In the United States, HIV prevalence among injecting drug users has decreased in all areas. The largest decrease has been observed in the northeast among IDUs in drug treatment programs. Anonymous testing in drug treatment centers in 29 U.S. cities from 1988 to 1995 showed higher HIV infection rates in the northeast (median HIV prevalence, 23 percent) and lower in the west (median, 1.5 percent). AIDS cases related to injecting drug use has increased less than 5 percent annually since 1993. In 1995, more than three-quarters of the injecting drug users diagnosed with AIDS were black or Hispanic and one quarter were women. In Canada, HIV infection among IDUs is a major concern. For example, incidence in Montreal is currently estimated to be 5 per 100 person years; this rate is among the highest in North America.

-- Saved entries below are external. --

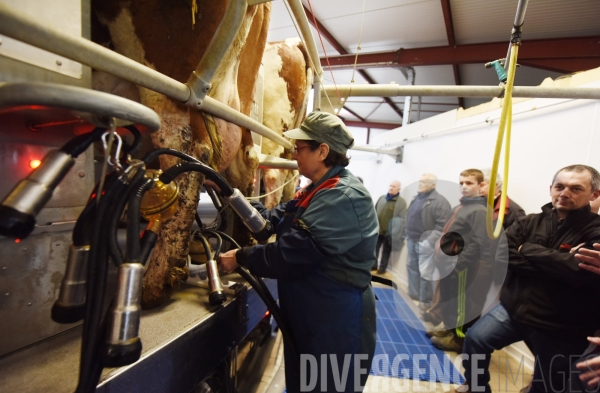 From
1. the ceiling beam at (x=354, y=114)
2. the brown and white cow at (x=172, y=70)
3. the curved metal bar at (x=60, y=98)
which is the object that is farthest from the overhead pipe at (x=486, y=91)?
the ceiling beam at (x=354, y=114)

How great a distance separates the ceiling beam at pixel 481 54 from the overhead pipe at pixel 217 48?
478 cm

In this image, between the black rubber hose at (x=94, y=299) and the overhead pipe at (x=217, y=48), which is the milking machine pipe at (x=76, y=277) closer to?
the black rubber hose at (x=94, y=299)

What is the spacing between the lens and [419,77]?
5.86 metres

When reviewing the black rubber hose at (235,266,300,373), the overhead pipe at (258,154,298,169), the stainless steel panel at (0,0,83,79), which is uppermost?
the stainless steel panel at (0,0,83,79)

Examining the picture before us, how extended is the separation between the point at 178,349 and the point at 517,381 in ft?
9.77

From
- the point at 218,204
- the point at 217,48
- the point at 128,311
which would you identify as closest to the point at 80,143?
the point at 128,311

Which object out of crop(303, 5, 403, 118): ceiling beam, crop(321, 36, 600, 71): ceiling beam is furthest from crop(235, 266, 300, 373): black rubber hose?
crop(321, 36, 600, 71): ceiling beam

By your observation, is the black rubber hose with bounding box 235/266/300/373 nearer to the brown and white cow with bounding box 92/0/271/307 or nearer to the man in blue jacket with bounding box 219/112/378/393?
the man in blue jacket with bounding box 219/112/378/393

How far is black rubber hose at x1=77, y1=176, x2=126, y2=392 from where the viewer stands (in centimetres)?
50

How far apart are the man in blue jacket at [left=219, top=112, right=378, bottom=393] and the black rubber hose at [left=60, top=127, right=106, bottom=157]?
0.72 m

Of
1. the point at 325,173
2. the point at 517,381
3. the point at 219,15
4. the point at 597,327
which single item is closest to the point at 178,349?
the point at 325,173

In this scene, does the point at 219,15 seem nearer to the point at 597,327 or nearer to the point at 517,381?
the point at 597,327

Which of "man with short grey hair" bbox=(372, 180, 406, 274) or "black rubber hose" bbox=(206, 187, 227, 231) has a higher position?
"black rubber hose" bbox=(206, 187, 227, 231)

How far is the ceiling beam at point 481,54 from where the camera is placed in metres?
3.58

Although some studies have shown a decrease in both unsafe injection practices and HIV incidence, new HIV infections continue to occur and the number of IDUs sharing injection equipment is high. Several studies have shown that 48 to 88 percent of IDUs continue to share injection equipment and that only 22 to 63 percent clean this equipment in any way. In Canada, sterile injection equipment for persons who continue to inject drugs is available in pharmacies and through numerous needle-exchange programs. In contrast, 45 of the 50 states in the United States prohibit the sale or possession of sterile needles or syringes without a medical prescription, and only a small number of legal needle exchange programs exist.

AIDS cases related to heterosexual contact represent an increasing proportion of cases in North America. Heterosexual contact is the most common mode of transmission among women diagnosed with AIDS in the U.S., and has doubled as a proportion of female AIDS cases in Canada since 1991. While a large proportion of these cases reported sexual contact with an IDU, a substantial proportion of women who acquired their infection heterosexually were unaware of their partner’s risk status. In addition to injection drug use, the use of crack cocaine in the United States has been associated with an increased risk of HIV transmission through sexual contact in both urban areas and the rural South.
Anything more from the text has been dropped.